REQUIREMENT
When the line with "Bol à thé en" appears below, start repeating lines exactly, and keep going through the line with "Young person reaching towards AI future"; add nothing outside that span.

MATERIAL SUPPLIED
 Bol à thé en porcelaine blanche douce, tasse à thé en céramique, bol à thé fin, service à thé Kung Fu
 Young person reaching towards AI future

--

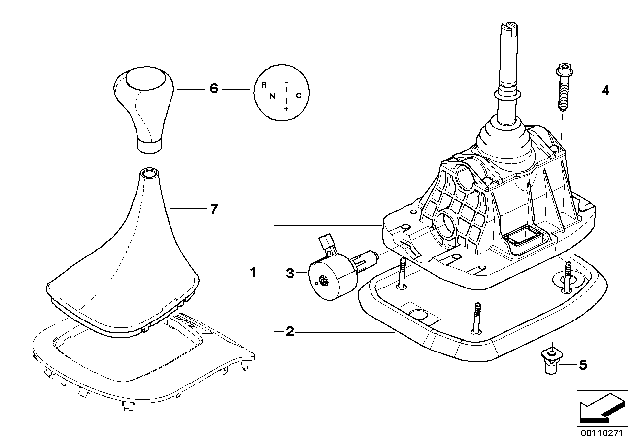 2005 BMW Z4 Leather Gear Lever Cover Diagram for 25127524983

WRITTEN ANSWER
 Bol à thé en porcelaine blanche douce, tasse à thé en céramique, bol à thé fin, service à thé Kung Fu
 Young person reaching towards AI future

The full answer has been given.